DMCA is a sham. The Sony Supreme Court ruling allowed the making of vhs copies of films. The studios still tried to stop copying but didn’t succeed. The Studios tried to get laws through Congress years later to prevent copying, but silicon valley’s lobbyists stopped it in its tracks.

DMCA is just a big scare. The studios employ outsource people to attempt to shake down those who the studios can INTIMIDATE into paying them a fee for making a copy from a torrent. The warnings on DVD menus are crap. They sometimes mis-state the truth of the law, sometimes state it truthfully, but in either case, they are not actionable crimes, they are merely civil matters. Outsourcers can try to shake down torrent users if they can find out who they are, but there’s no legal machinery behind them. The cases don’t got to court.

Most Internet companies comply in part with the DMCA notices, but withhold the shakedown language from the emails because they righteously refuse to take part in a shakedown. At bottom, most of the big internet operations support their customers in these matters, and only comply with DMCA by sending the edited notice. A few of the smaller companies include the complete DMCA and shakedown. But most don’t. I’ve heard of no one being taken to court, but it is possible. Because of the Sony rule which the studios have never contested because they’re afraid they’d lose again, that is where the matter stands.
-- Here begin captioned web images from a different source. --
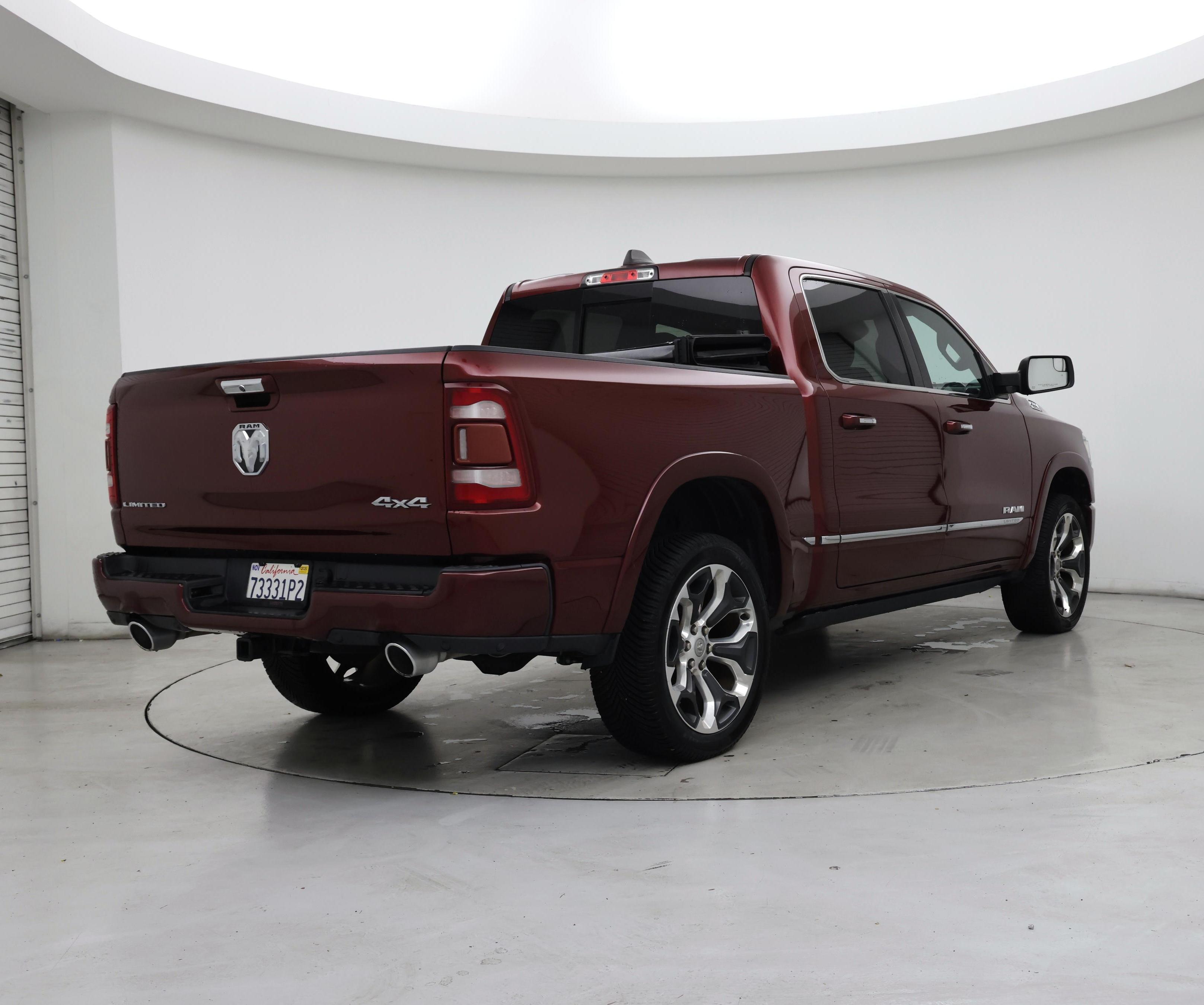 Thumbnail: 2019 RAM 1500 - 8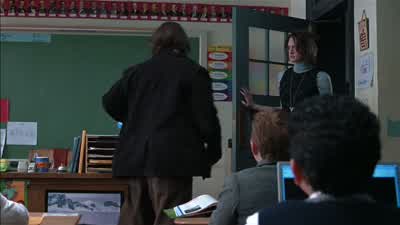 Mr Schneebly, it's after 1 0:00. - School of Rock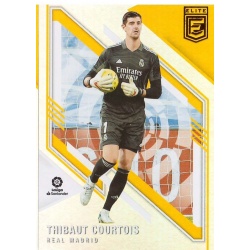 Thibaut Courtois Real Madrid 137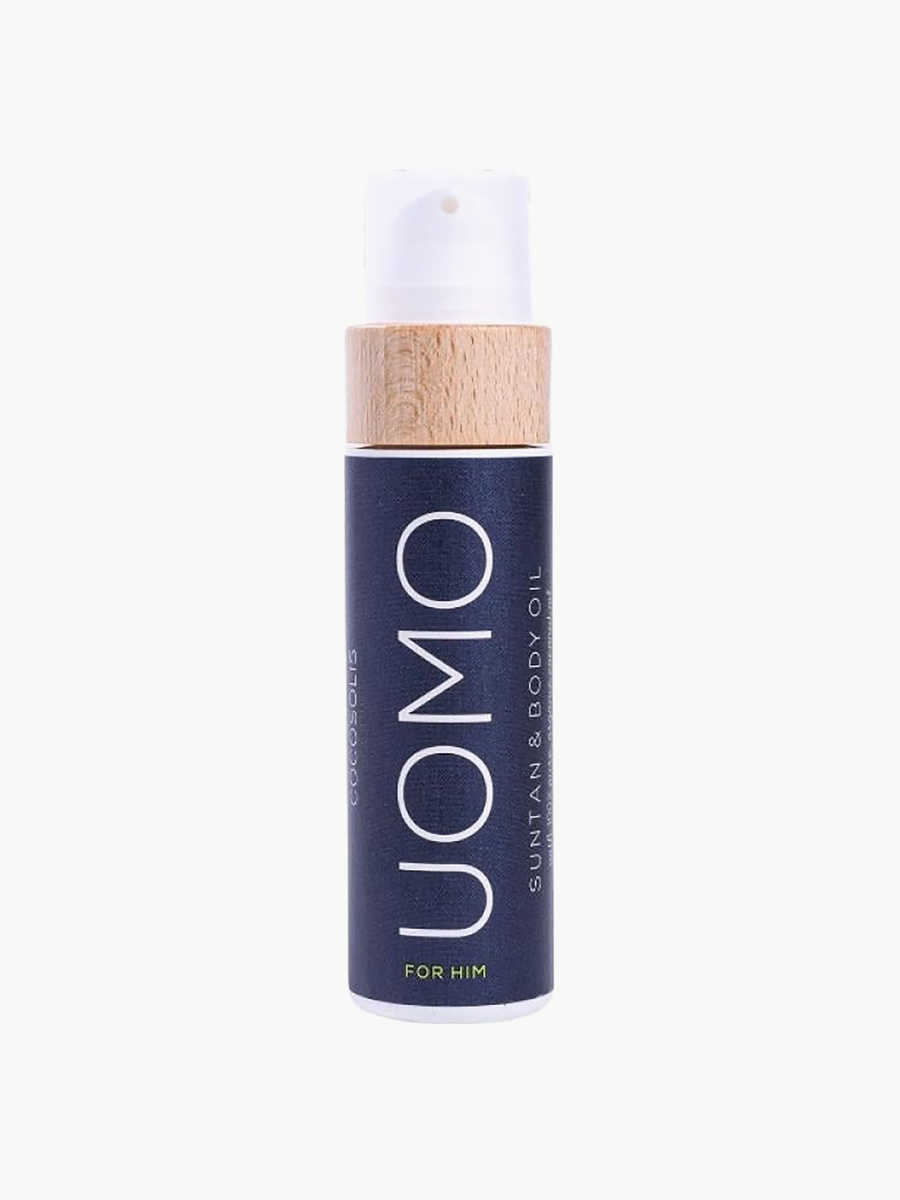 Tanning Oil Glow With Vegan Formula 110 Ml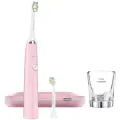 Звуковая зубная щетка Philips Sonicare DiamondClean HX9362/67, CN, розовый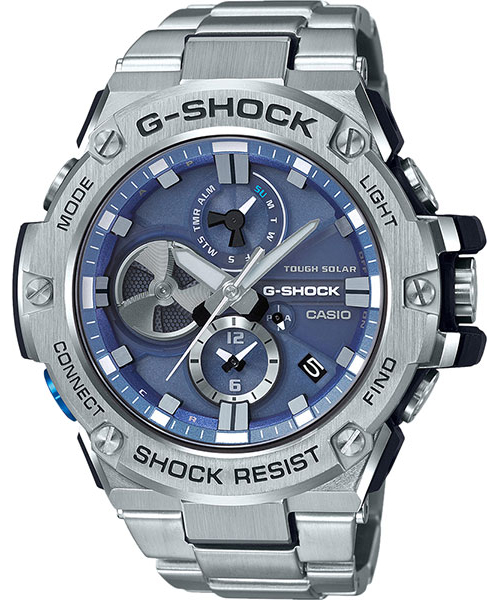  Casio G-Shock GST-B100D-2AER  #1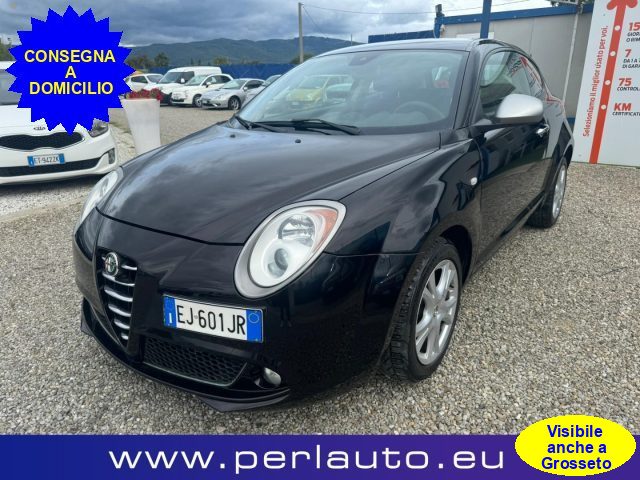 ALFA ROMEO MiTo 1.4 78 CV 8V S&S Progression NEOPATENTATI 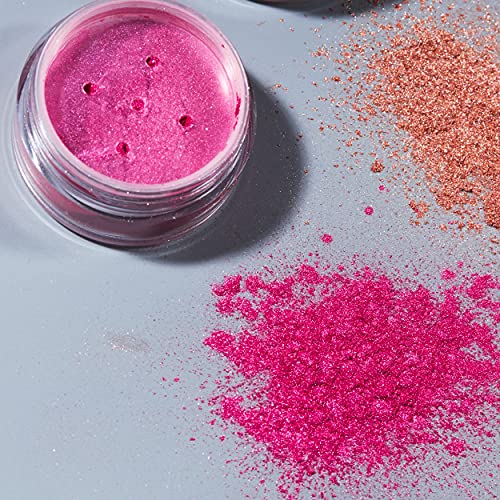 Cosmic Moon Metallic Pigment Shaker 5g Pink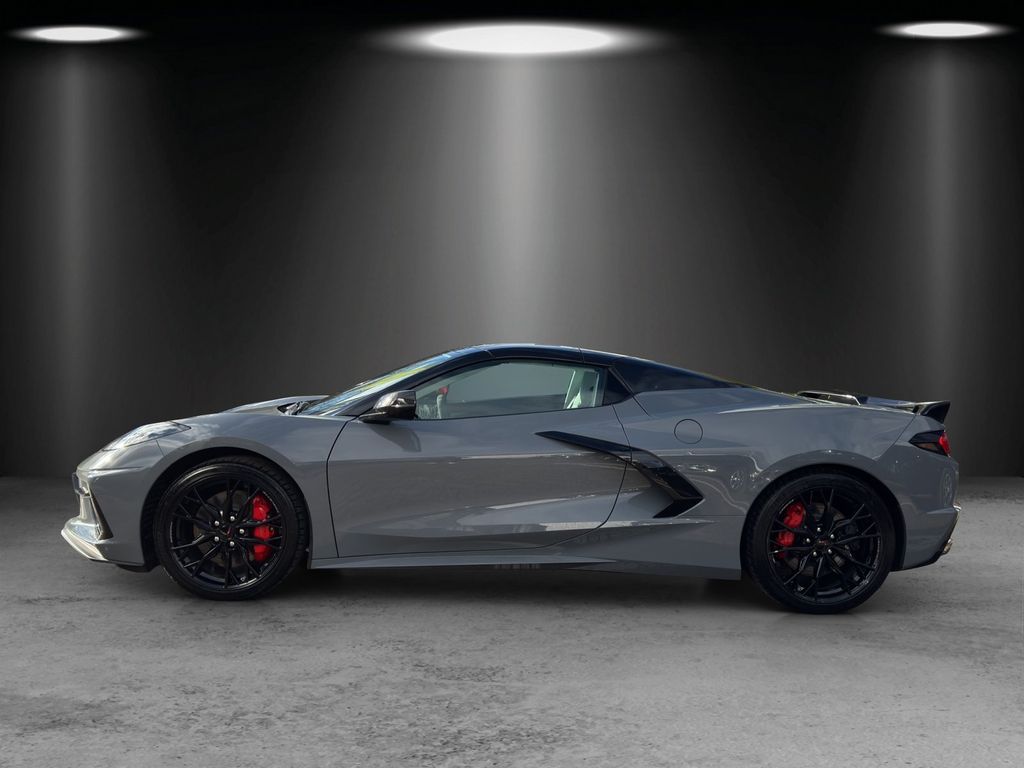 Corvette C8 2025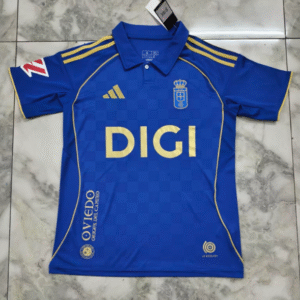 Camiseta Oviedo 25/26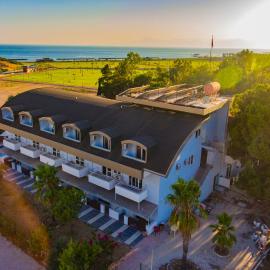 Prenses Sealine Beach Hotel，位于塞里克的酒店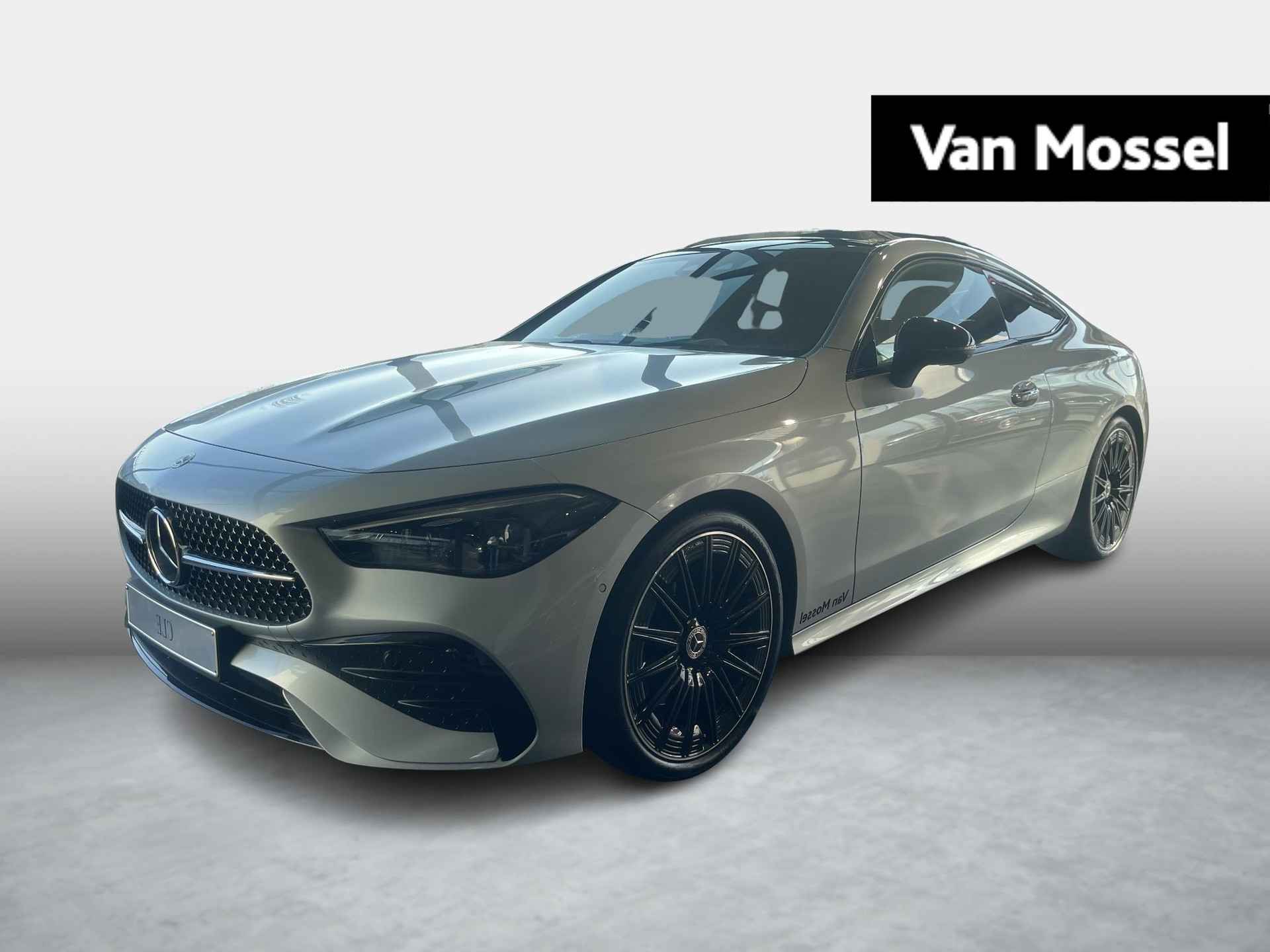 CLE 220 d Coup&eacute; AMG Line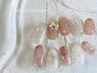 【natsumi yokoyama指名限定アート】オフ込み￥7000※必ず指名をお願いします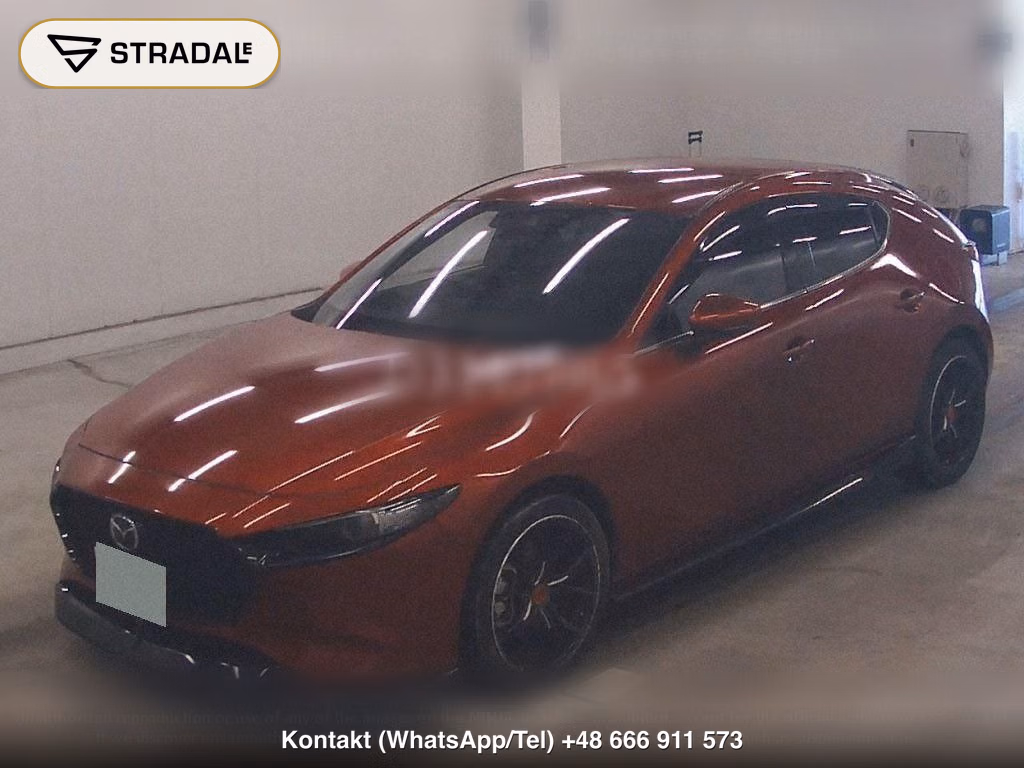 MAZDA MAZDA3 FASTBACK XD PROACTIVE TOURING SELECTION, miniaturka 5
Why haven’t journalists learned why Antigua shut Slysoft down?

DatKat (user link) says:

I'd like to weigh in.

I have an optical drive that allows me to play the copy protected media/discs. I also have software that allows me to view what the optical drive is playing. With this being said, do I now have the right to record my own desktop or take screenshots of my own desktop? How far can legalese go in terms of this example. I am clearly not breaking any copy protection, nor am I using any software that does so. Can "they" actually argue and or tell me that I cannot record video of my own personal computers desktop just because I just so happen to be watching a movie? I just think that, this is valid. It scares me to think about such things, but we must!!!

DatKat (user link) says:

I'd like to weigh in.

I suppose these days it doesn’t matter as much as it once did. CDs are almost extinct and soon, I believe DVDs and the like will also be gone. Companies pay for using the digital data and we pay only to view/listen and never will we own it. I figure that this is the solution to their issues. This upsets me because I really enjoy ripping CDs and other media. Mainly for the fact that I prefer different qualities some of which I cannot find from certain companies. Also, can you purchase an MP4/H.264/AAC movie to play on your mboile devices as quickly as you could purchase a regualr DVD or Blue Ray movie? Or how about purchasing nice CDs in flac? not as easy as buying that regular CD and ripping it to flac OR mp3 yourself? finally, I notice that when I rip my CDs to mp3, the quality of my rips are better than what i hear coming from itunes. That’s just sad 😀

Archie Fatcacky says:

RedFox Have Control Issues

I questioned the links between Slysoft and RedFox on the RedFox forum and suggested that a better policy would be to be more honest about them, I have subsequently had my IP address blocked so I can now no longer access the forum (actually they blocked the IP address at my local coffee shop but that’s by the by).
If you wish to enter into a financial relationship with a company who have such a dictatorial approach to the people who pay their salaries then that’s down to you but these people now have my personal details and have (theoretically) blocked me from contacting them. Just remember the same thing could happen to you if you sign up and have a problem.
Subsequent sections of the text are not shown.